Task objective: The entries that follow must be written out exactly, without any of the pictures they contain.

═══ Available data

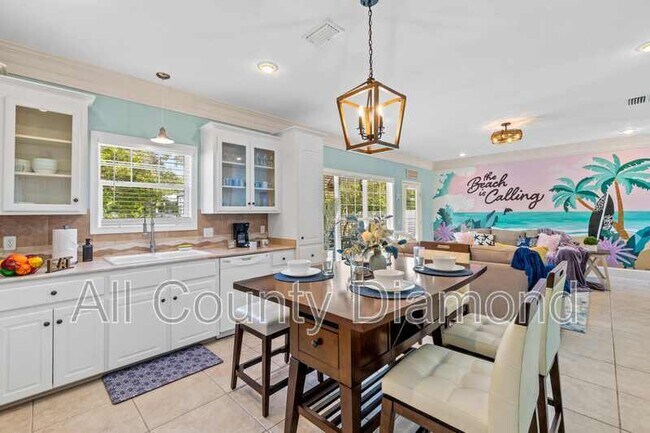 Building Photo - 9004 Polly Ave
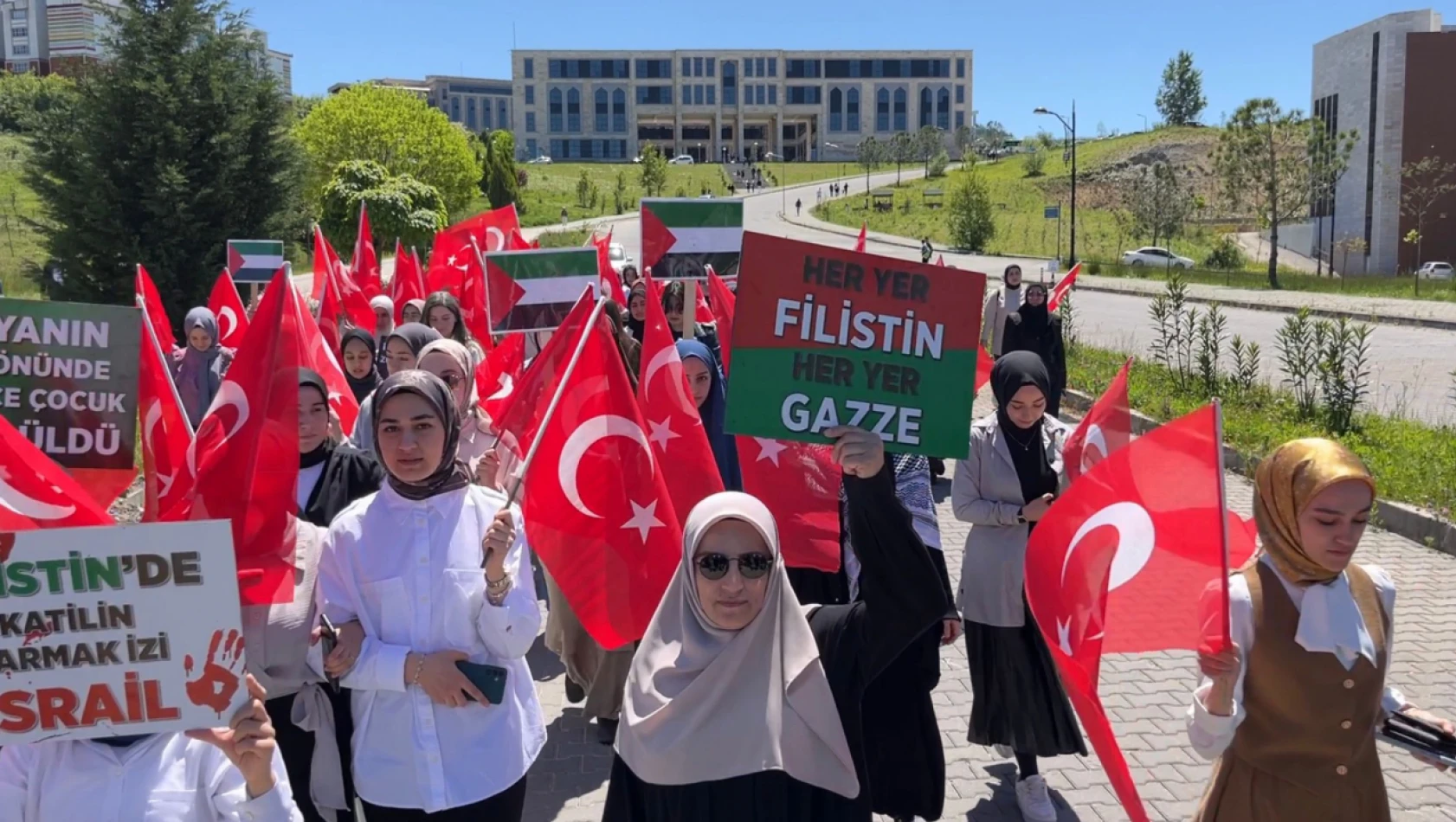 Filistin için destek yürüyüşü düzenlendi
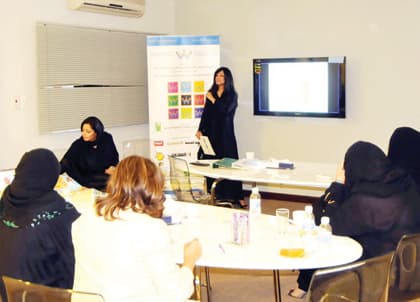 منتدى الشرقية يطلق مكتبة نسائية ثقافية خاصة بسيدات الأعمال
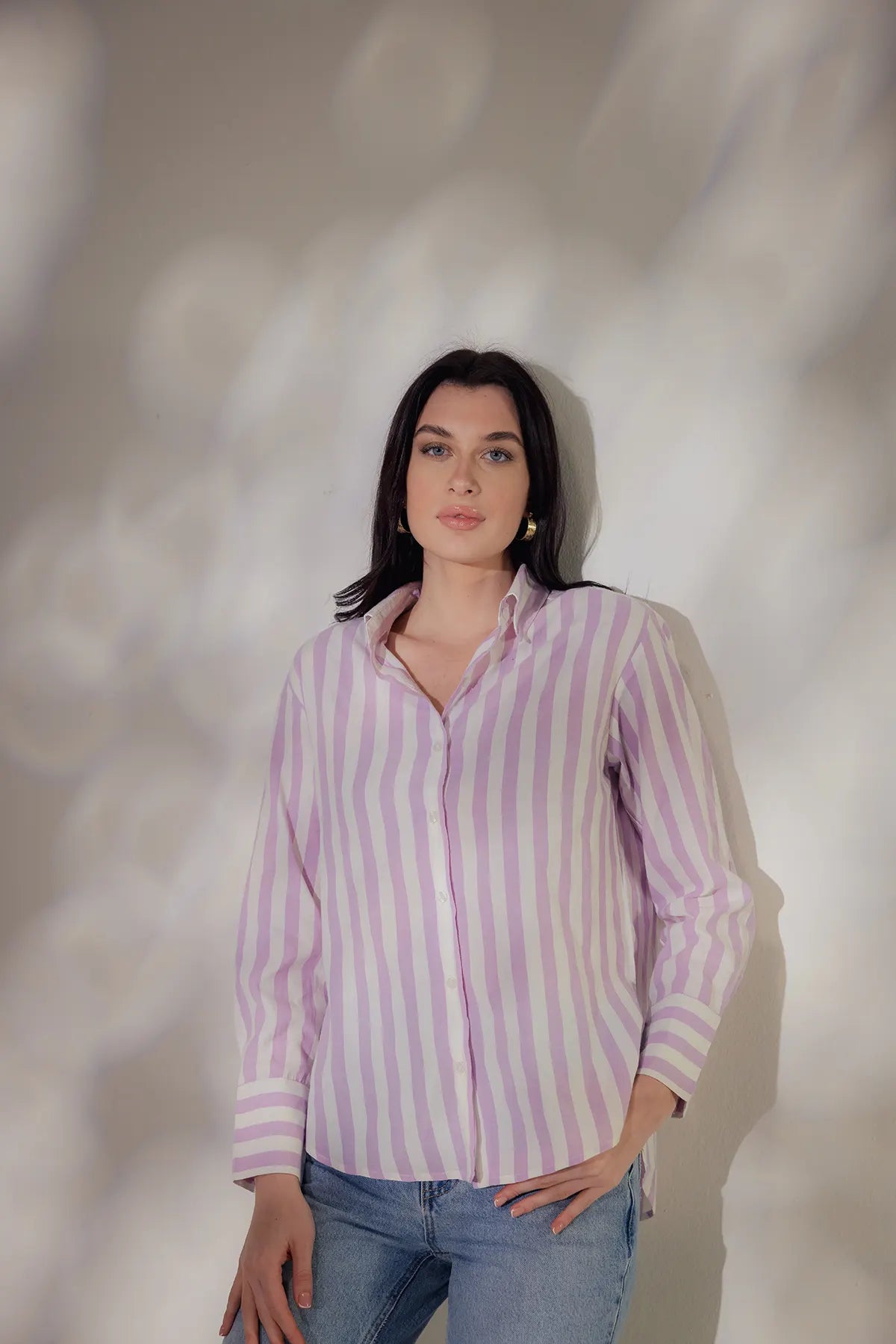 Casual Striped Shirt Side View - Muggnos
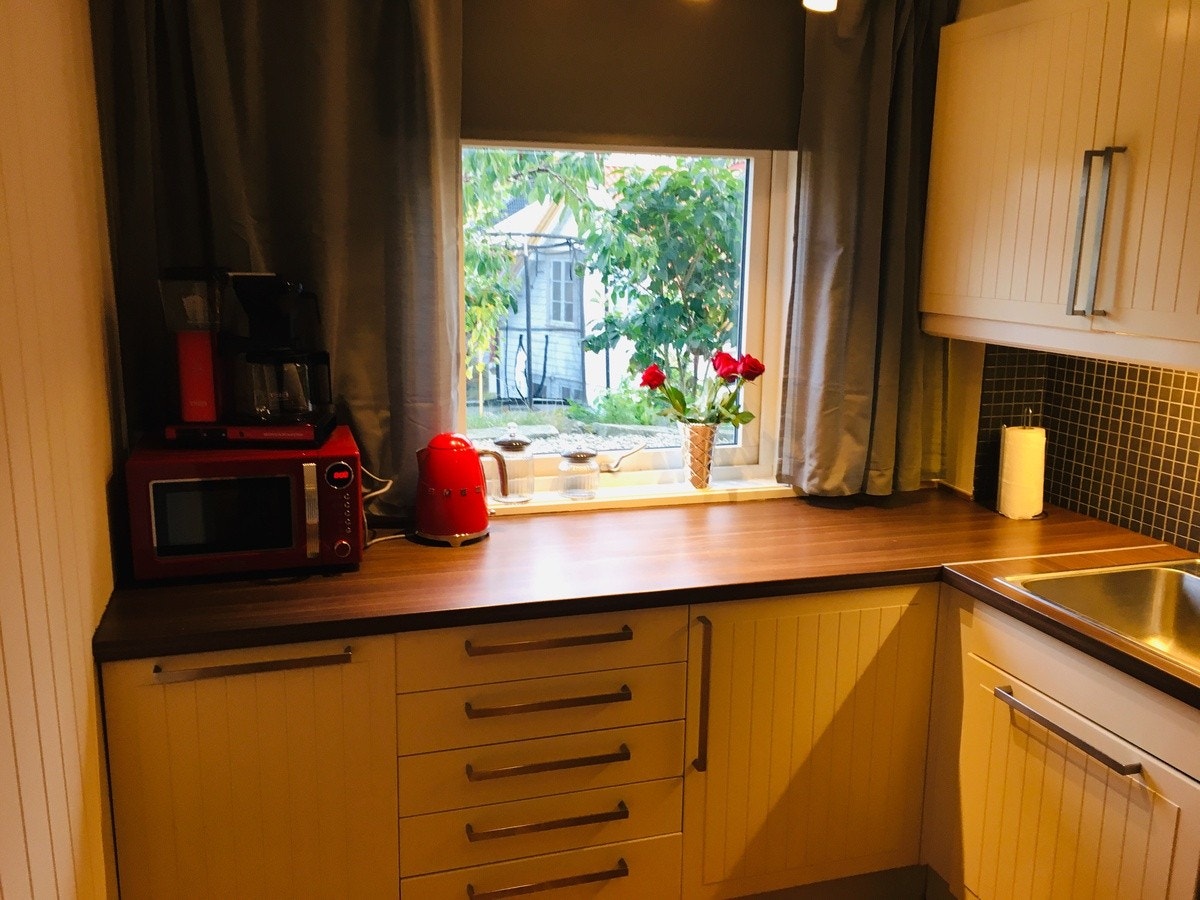 Leiligheten har mikrobølgeovn, kaffetrakter og vannkoker. Galleribilde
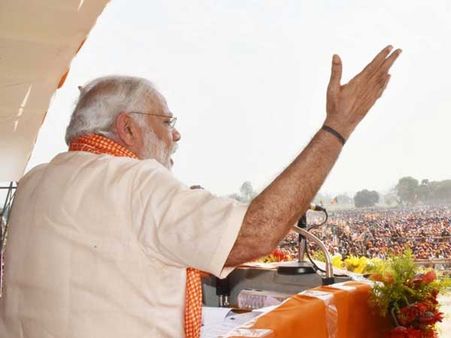 వారణాసిలో మోడీ ర్యాలీకి భారీగా జనం: కాంగ్రెస్, ఎస్పీలపై ప్రధాని ఫైర్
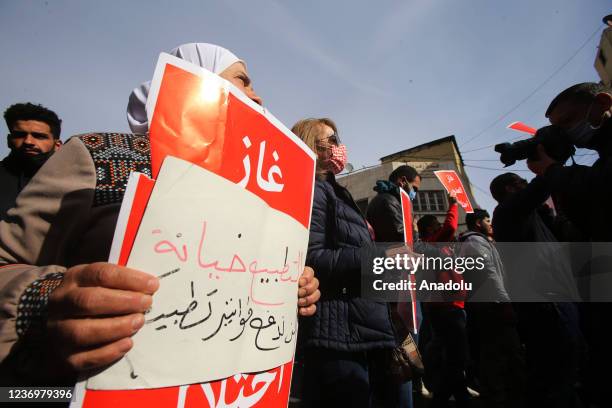 Hundreds of Jordanese gather in front of the Al-Husayni Mosque, upon the call of the parties and unions in Jordan, protesting the "water for energy"...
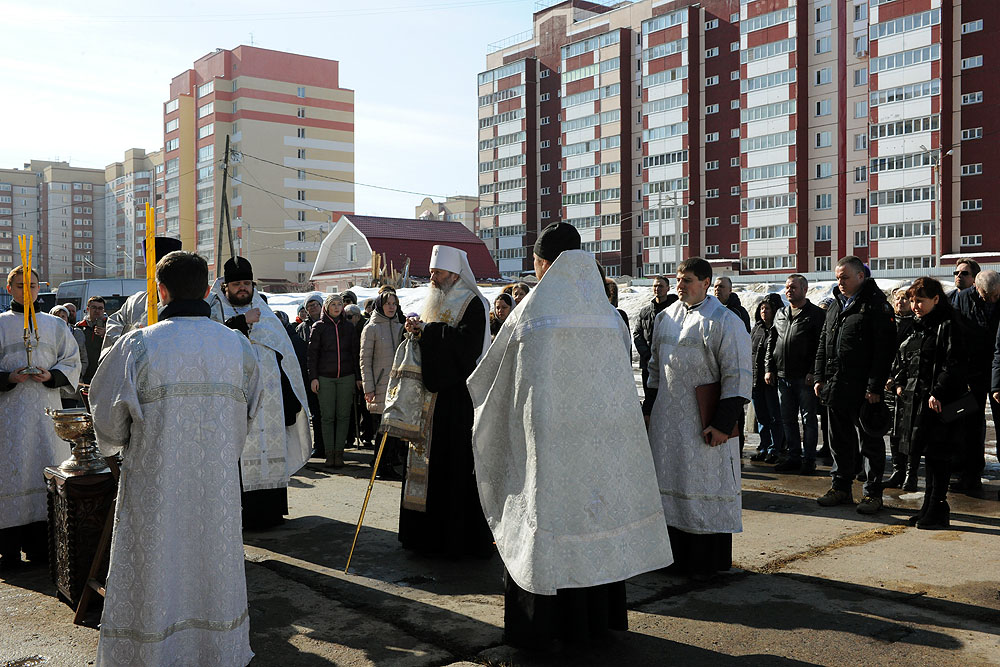 В Кирове освящен крест на месте строительства нового храма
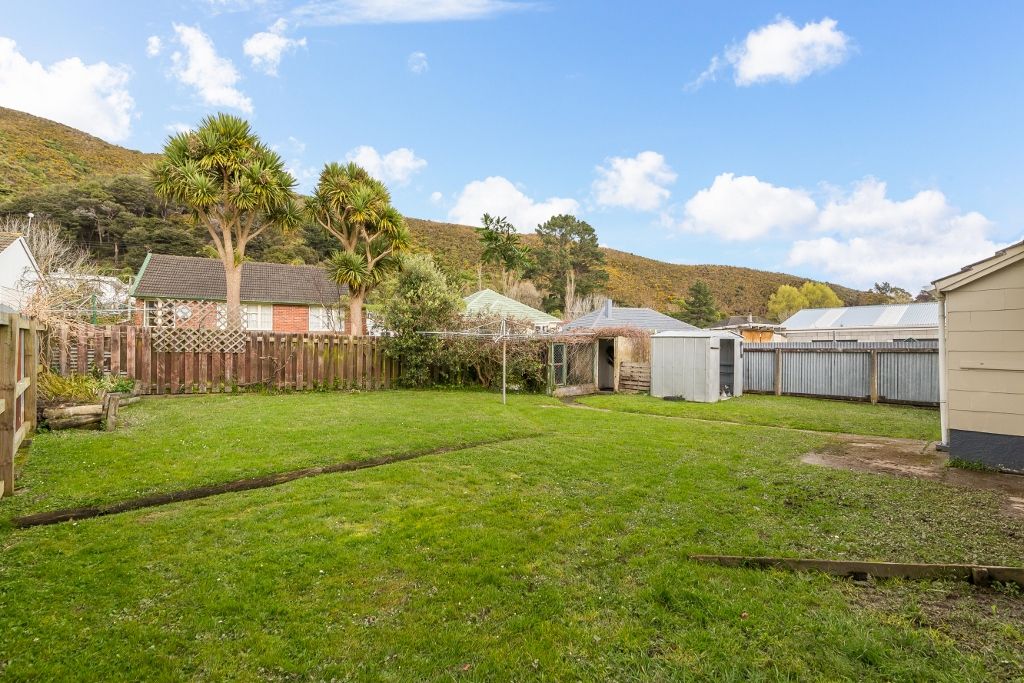 10 Prouse Crescent, Naenae, Lower Hutt City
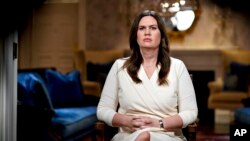 Sara Hakabi Sanders, Arkanzas shtatining yangi gubernatori, Prezident Jo Baydenni aqldan ozgan, keksa rahbar deya baholab, uni qayta saylamaslikka chaqirmoqda 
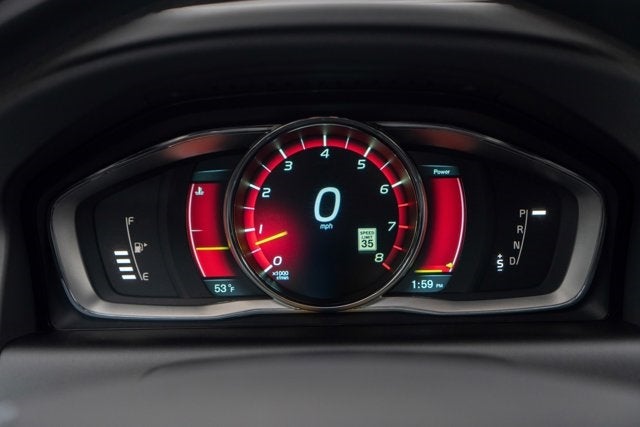 2015 Volvo XC60 T6 R-Design Platinum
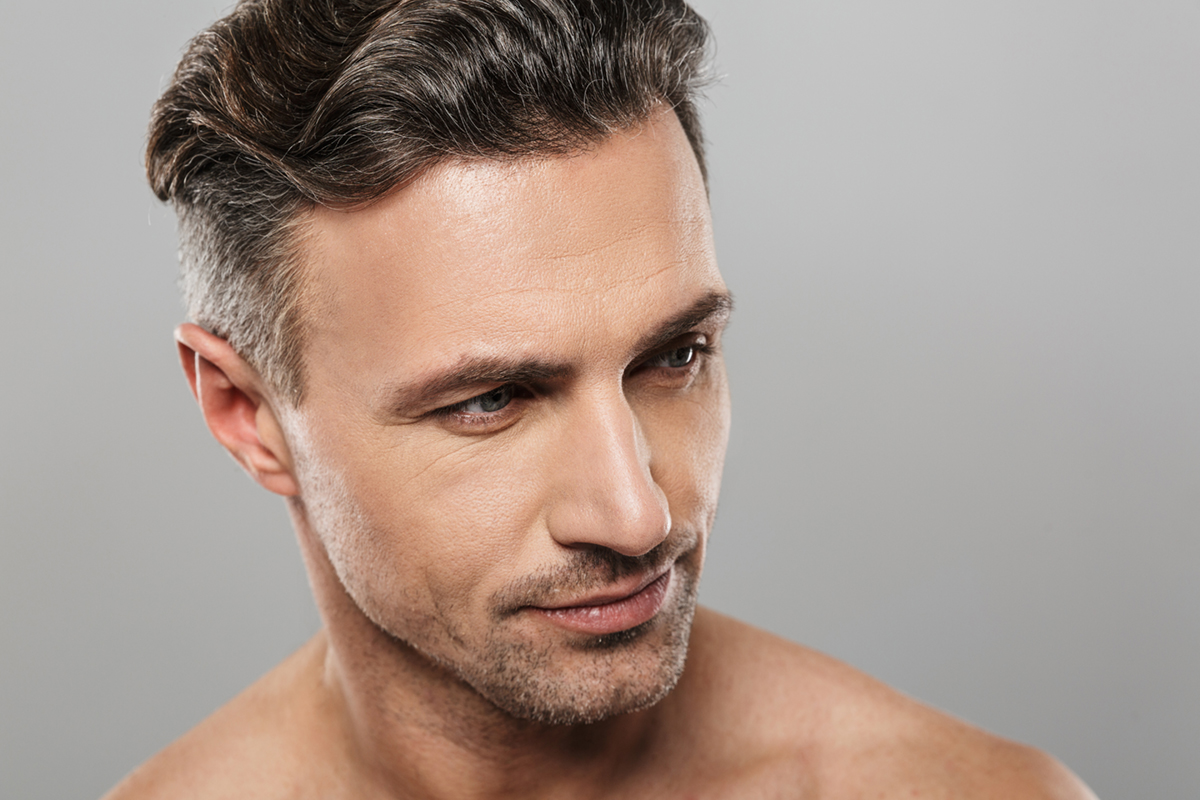Hombre con rostro definido tras tratamiento de masculinización facial en Sevilla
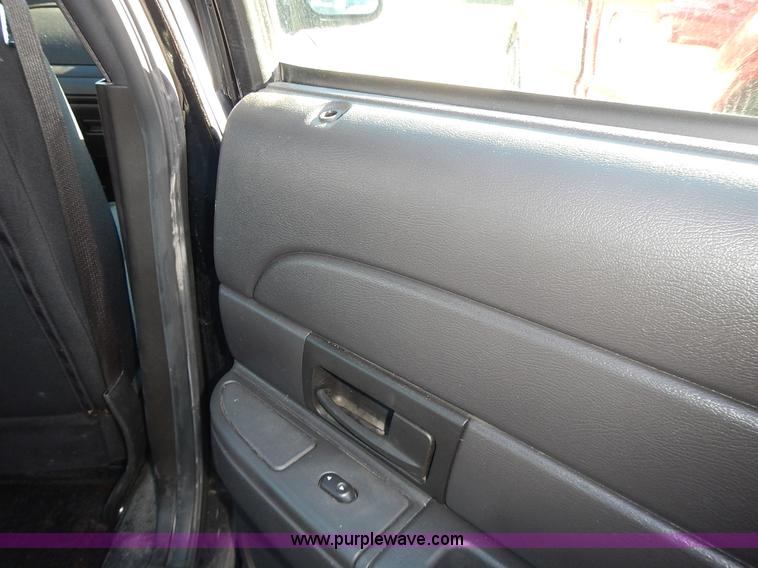 image for item L3559 2007 Ford Crown Victoria Police Interceptor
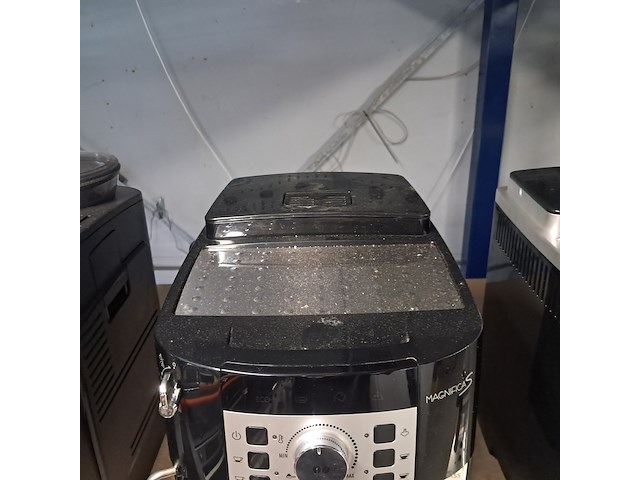 Ca. 11x meerdere koffiebonen machines, o.a. siemen, delonghi, saeco - afbeelding 7 van  24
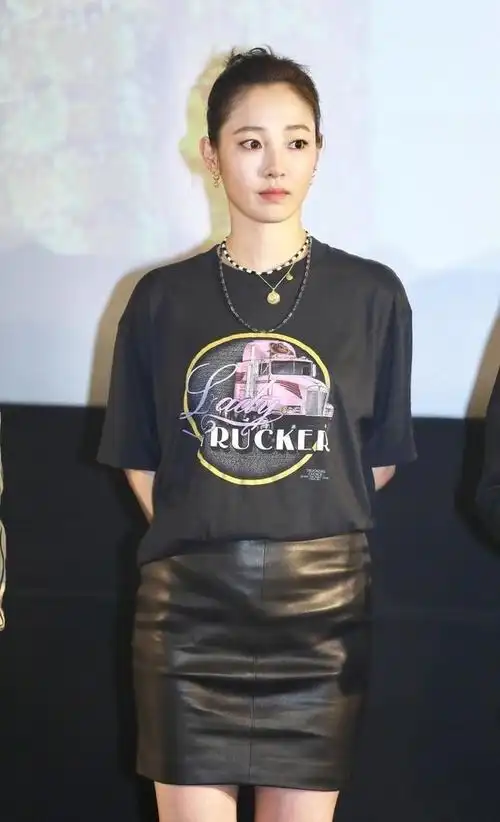 36岁的白百何也难逃发福穿黑t恤配皮裙虽时髦但凸显小肚腩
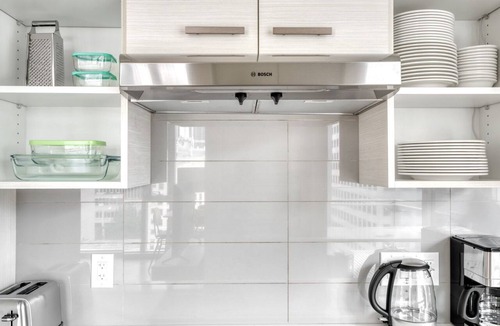 Downtown Seattle Apartment | Sleek Downtown 2BR w/Gym, W/D & BBQ, near Dining & Shops, by Blueground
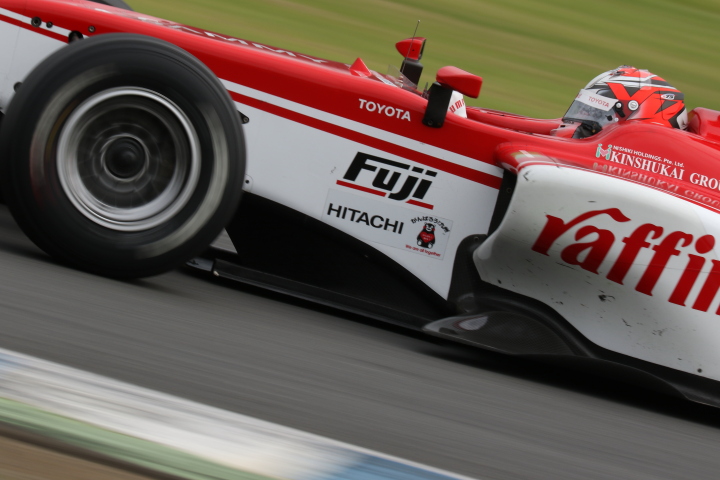 決勝レース: 山下健太（FUJI x raffinee KONDO SF14）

══════

Solution for this exercise:
 Building Photo - 9004 Polly Ave
 Filistin için destek yürüyüşü düzenlendi
 منتدى الشرقية يطلق مكتبة نسائية ثقافية خاصة بسيدات الأعمال
 Casual Striped Shirt Side View - Muggnos
 Leiligheten har mikrobølgeovn, kaffetrakter og vannkoker. Galleribilde
 వారణాసిలో మోడీ ర్యాలీకి భారీగా జనం: కాంగ్రెస్, ఎస్పీలపై ప్రధాని ఫైర్
 Hundreds of Jordanese gather in front of the Al-Husayni Mosque, upon the call of the parties and unions in Jordan, protesting the "water for energy"...
 В Кирове освящен крест на месте строительства нового храма
 10 Prouse Crescent, Naenae, Lower Hutt City
 Sara Hakabi Sanders, Arkanzas shtatining yangi gubernatori, Prezident Jo Baydenni aqldan ozgan, keksa rahbar deya baholab, uni qayta saylamaslikka chaqirmoqda 
 2015 Volvo XC60 T6 R-Design Platinum
Hombre con rostro definido tras tratamiento de masculinización facial en Sevilla
 image for item L3559 2007 Ford Crown Victoria Police Interceptor
 Ca. 11x meerdere koffiebonen machines, o.a. siemen, delonghi, saeco - afbeelding 7 van  24
 36岁的白百何也难逃发福穿黑t恤配皮裙虽时髦但凸显小肚腩
 Downtown Seattle Apartment | Sleek Downtown 2BR w/Gym, W/D & BBQ, near Dining & Shops, by Blueground
 決勝レース: 山下健太（FUJI x raffinee KONDO SF14）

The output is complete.